Supplied material

::::

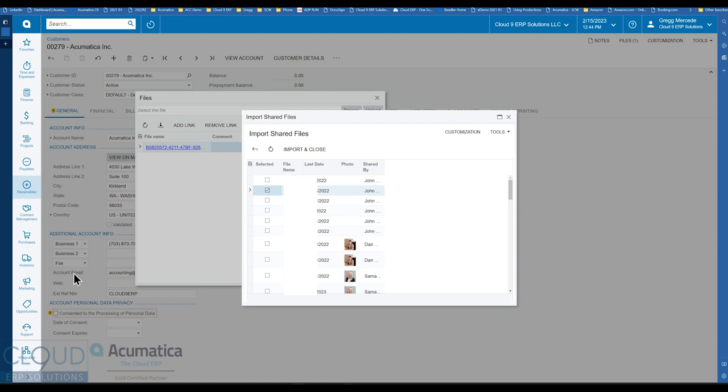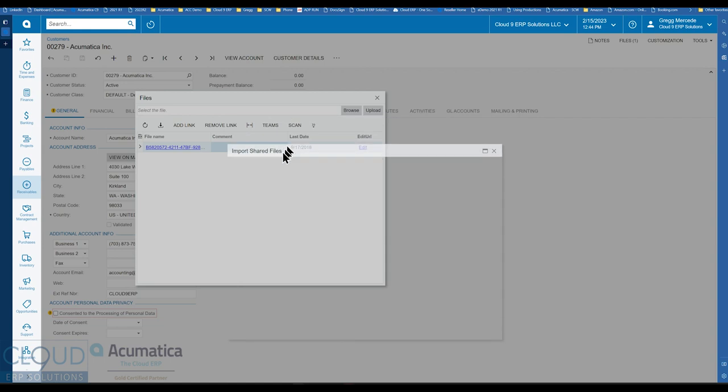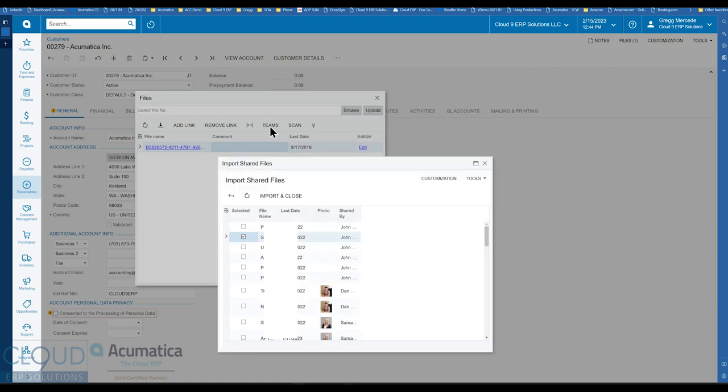So that's Microsoft Teams, now part of 2023 R1 core and the ability to, under file upload, to be able to use any files that are in Teams and bring them directly into Acumatica.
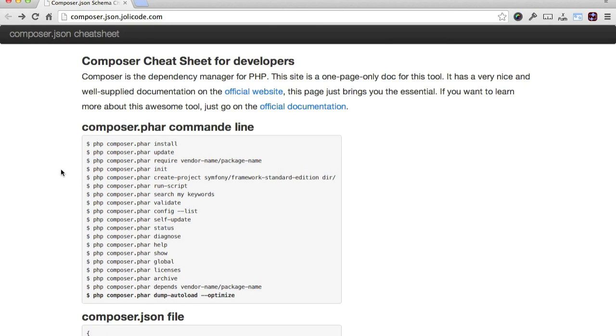Here's a quick run-through of the Composer.json Cheat Sheet. Essentially, it's composed of two parts: firstly, the Composer.phar command line switches, and secondly, the Composer.json file.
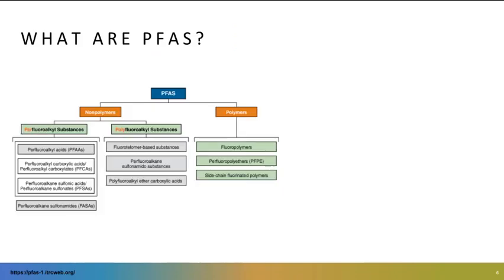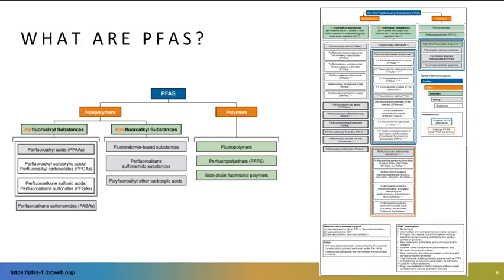Here's a small tree describing some of the breakdown of the PFAS family. You can see it broken down into categories of non-polymers and polymers, and further into perfluoroalkyl substances and polyfluoro, which describes the degree of unsaturation on the carbon backbone. The IPRC does a really good job of breaking down the different classes of compounds and all of the abbreviations in this alphabet soup, so I would strongly encourage you to check out that resource if you're interested in learning more.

::::

Task objective
Restate word for word each line from the top of the listing down to and including the line that holds "Here's a quick". Drop any pictures.

Response
So that's Microsoft Teams, now part of 2023 R1 core and the ability to, under file upload, to be able to use any files that are in Teams and bring them directly into Acumatica.
Here's a quick run-through of the Composer.json Cheat Sheet. Essentially, it's composed of two parts: firstly, the Composer.phar command line switches, and secondly, the Composer.json file.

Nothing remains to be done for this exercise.